■ What you need to do ■
Would you transcribe the whole listing exactly, minus its pictures?
=== Begin Enclosure ===
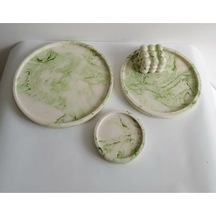 Marble Mermer Desenli Dekoratif Beton Büyük Boy Organizer 3 Lü Tepsi Seti,aksesuar,dekorasyon Gri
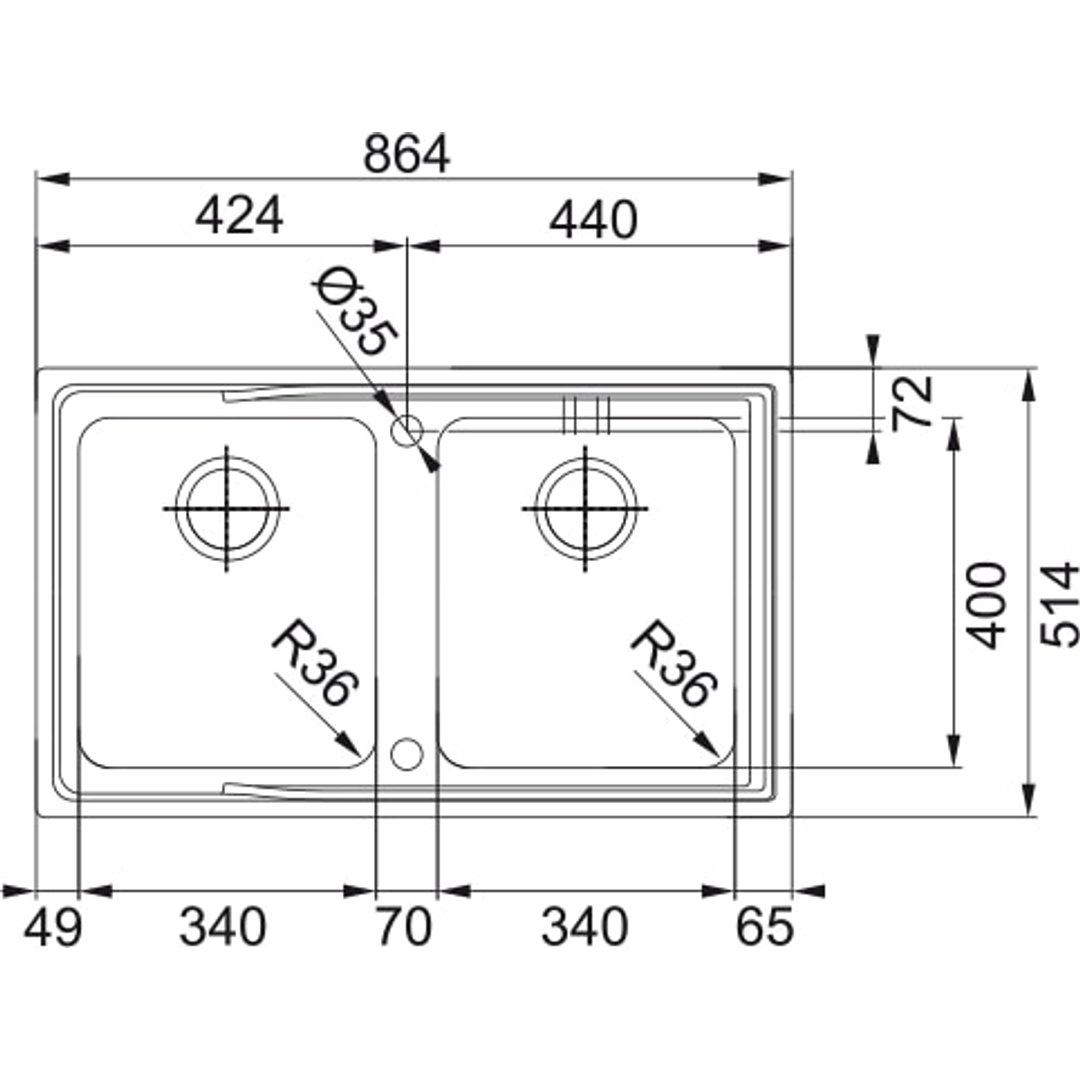 Aton Double Bowl (Partno Anx220)(Franke P#:127.0283.679)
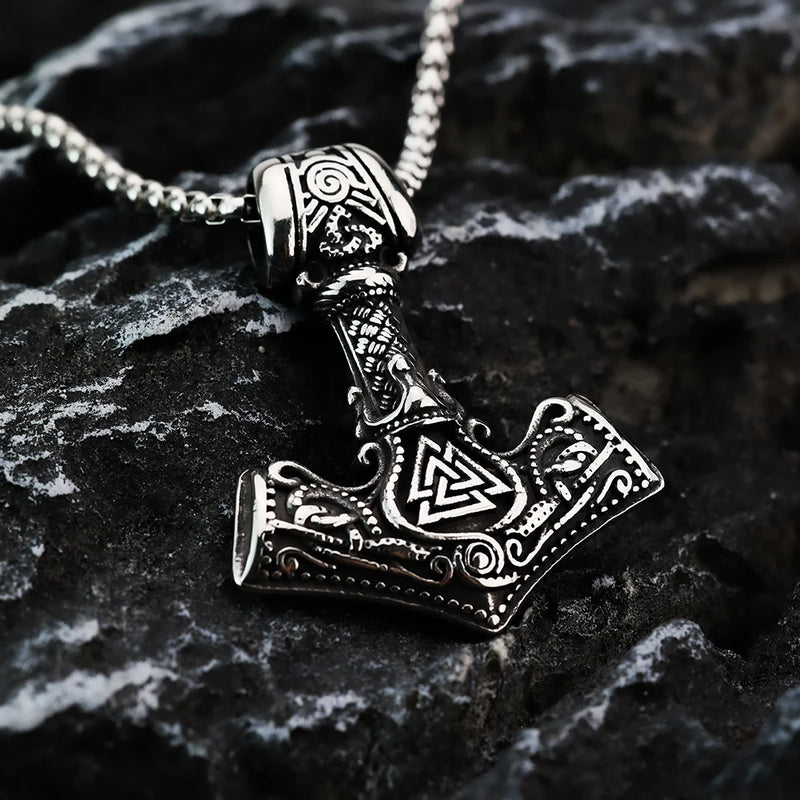 Steel Viking rune Thor's hammer - Mjölnir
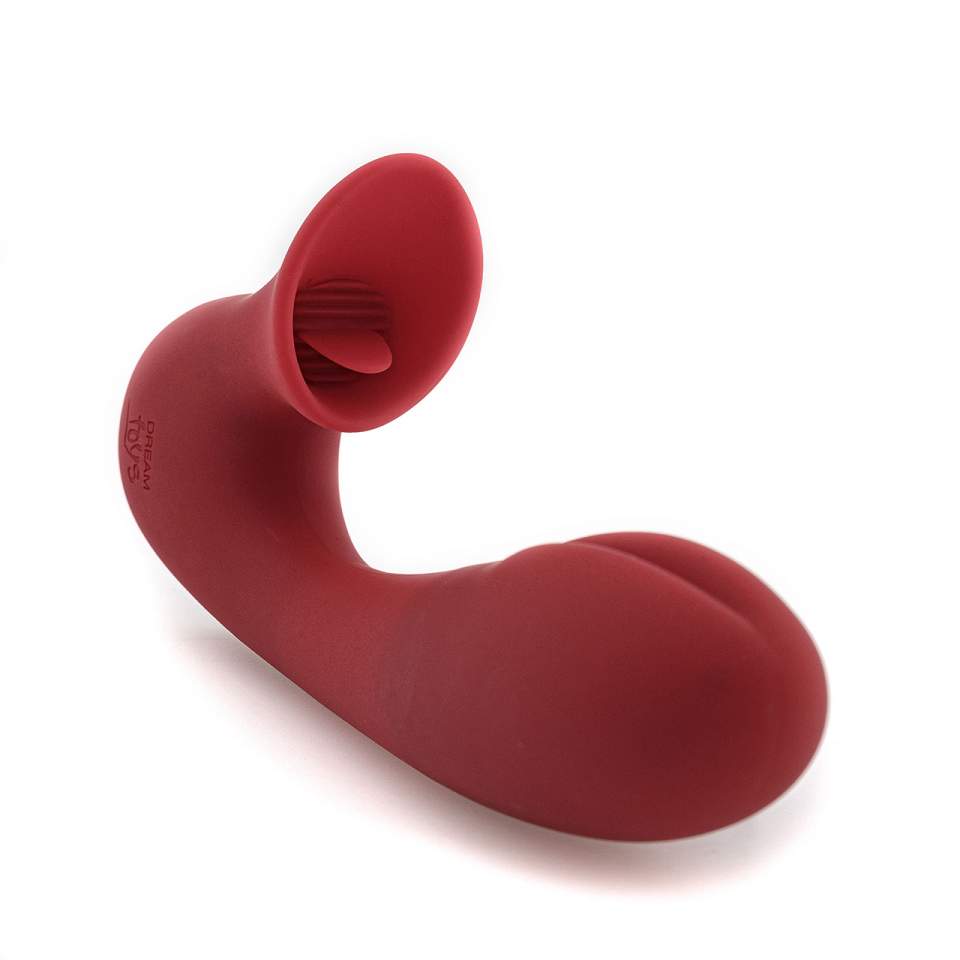 Czerwony silikonowy wibrator króliczek z językiem do stymulacji łechtaczki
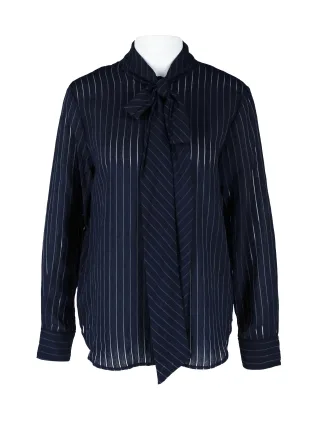 MANGO - BLUSE CORBAT, NAVY - Gr. - XS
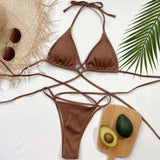 Halter Neck Crisscross Ribbed Bikini Set - Trendsi - Flyclothing LLC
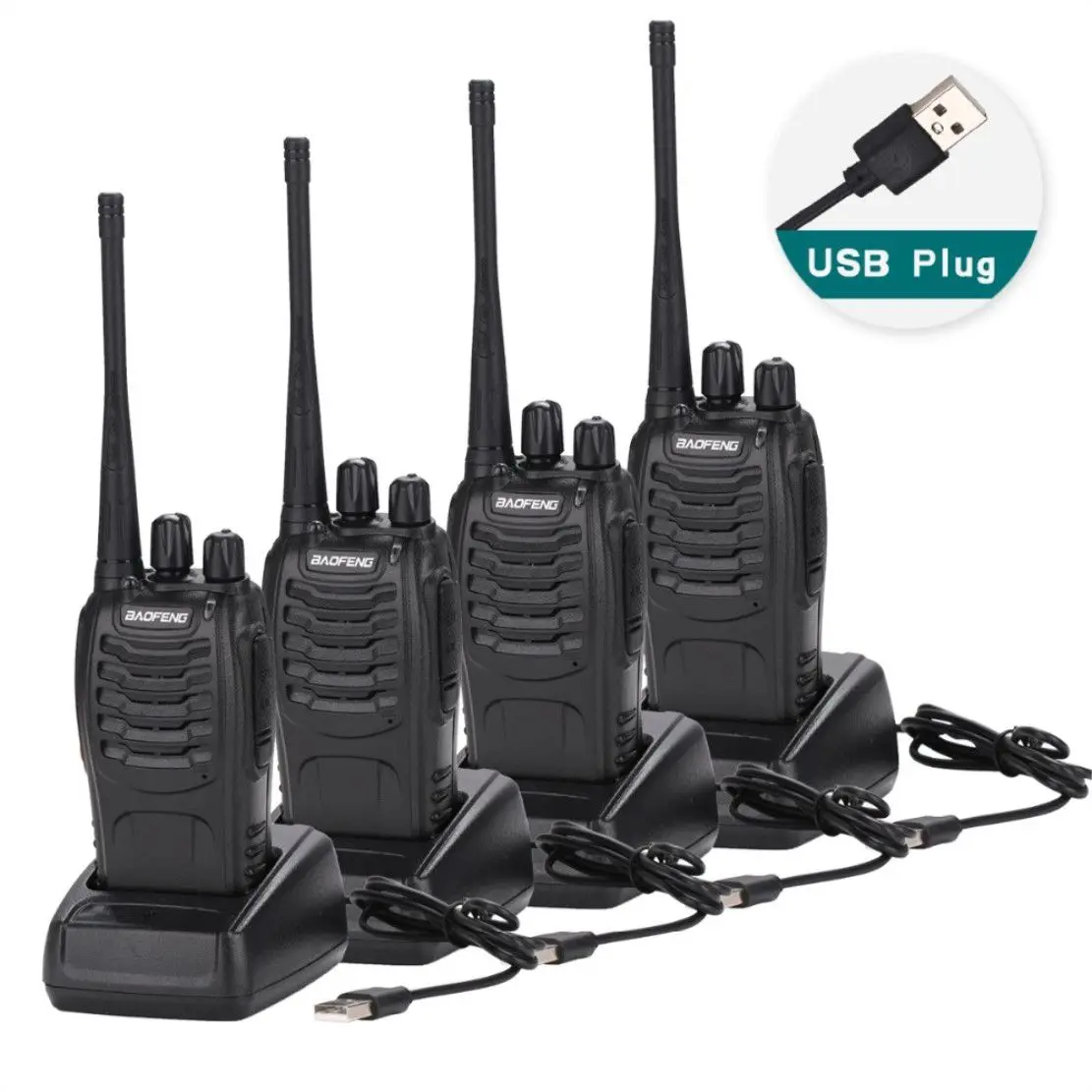 4Pcs Baofeng BF 888S Walkie Talkie USB charge adapter Portable Radio CB Radio UHF 888S Comunicador Transceiver+4 Headset
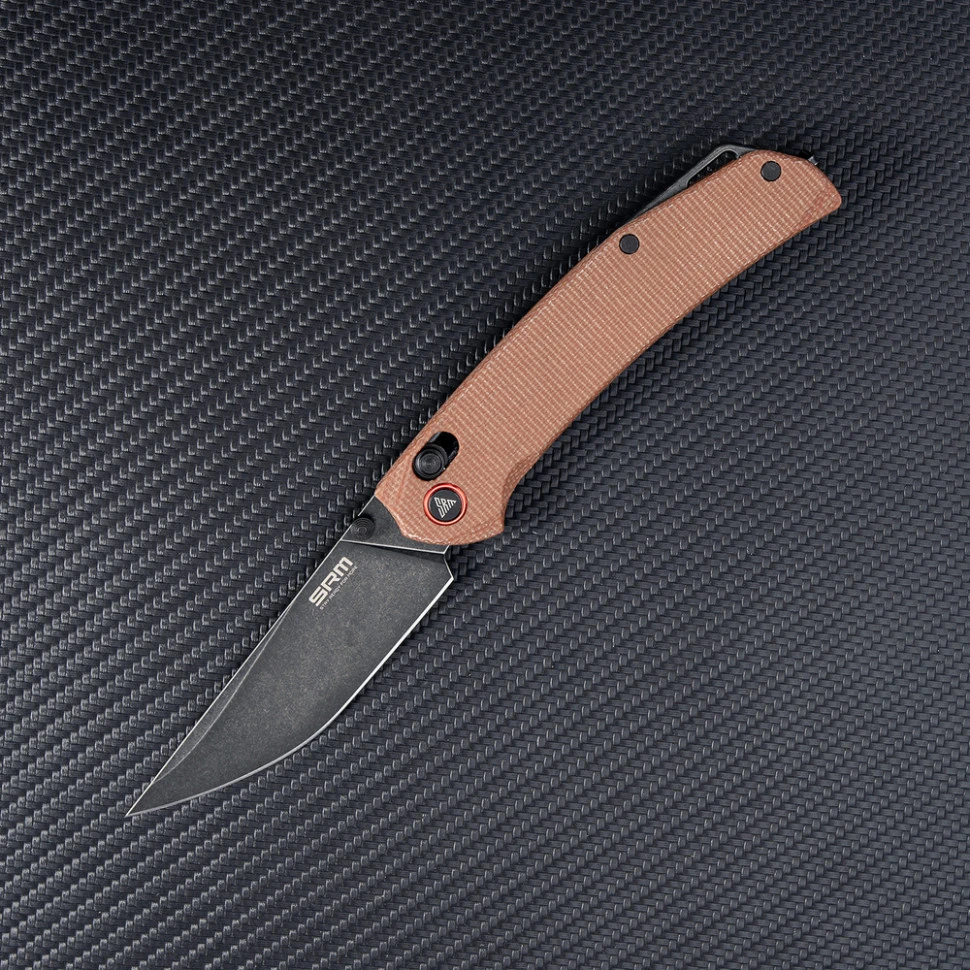Ніж складаний туристичний SRM Asika 411L-MN (8.8 см) 14C28N / Micarta коричневий — фото 5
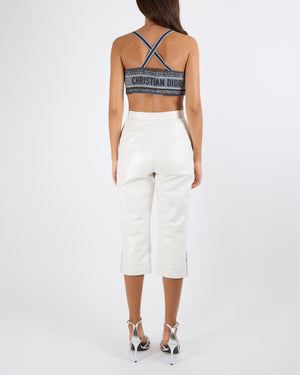 Christian Dior Navy and Grey Logo Bralette Top with Black Logo Zipper Detail Size FR 38 (UK 10)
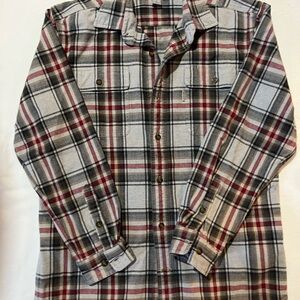Carhartt Workwear Men's Casual Plaid Shirt - Gray and Red Flannel Size M Medium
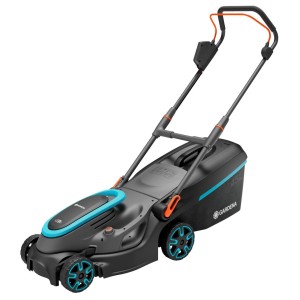 Gardena Akku-Rasenmäher PowerMax 37/36V mit Akku und Ladegerät. Rasenmäher in Schwarz und Türkis.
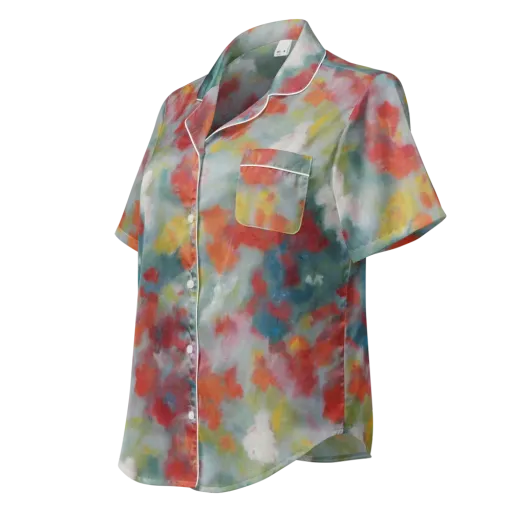 Watercolor Reverie on a Women's Short Sleeve Pajama Top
=== End Enclosure ===
■ Result of this task ■
 Marble Mermer Desenli Dekoratif Beton Büyük Boy Organizer 3 Lü Tepsi Seti,aksesuar,dekorasyon Gri
 Aton Double Bowl (Partno Anx220)(Franke P#:127.0283.679)
 Steel Viking rune Thor's hammer - Mjölnir
 Czerwony silikonowy wibrator króliczek z językiem do stymulacji łechtaczki
 MANGO - BLUSE CORBAT, NAVY - Gr. - XS
 Halter Neck Crisscross Ribbed Bikini Set - Trendsi - Flyclothing LLC
 4Pcs Baofeng BF 888S Walkie Talkie USB charge adapter Portable Radio CB Radio UHF 888S Comunicador Transceiver+4 Headset
Ніж складаний туристичний SRM Asika 411L-MN (8.8 см) 14C28N / Micarta коричневий — фото 5
 Christian Dior Navy and Grey Logo Bralette Top with Black Logo Zipper Detail Size FR 38 (UK 10)
Carhartt Workwear Men's Casual Plaid Shirt - Gray and Red Flannel Size M Medium
 Gardena Akku-Rasenmäher PowerMax 37/36V mit Akku und Ladegerät. Rasenmäher in Schwarz und Türkis.
 Watercolor Reverie on a Women's Short Sleeve Pajama Top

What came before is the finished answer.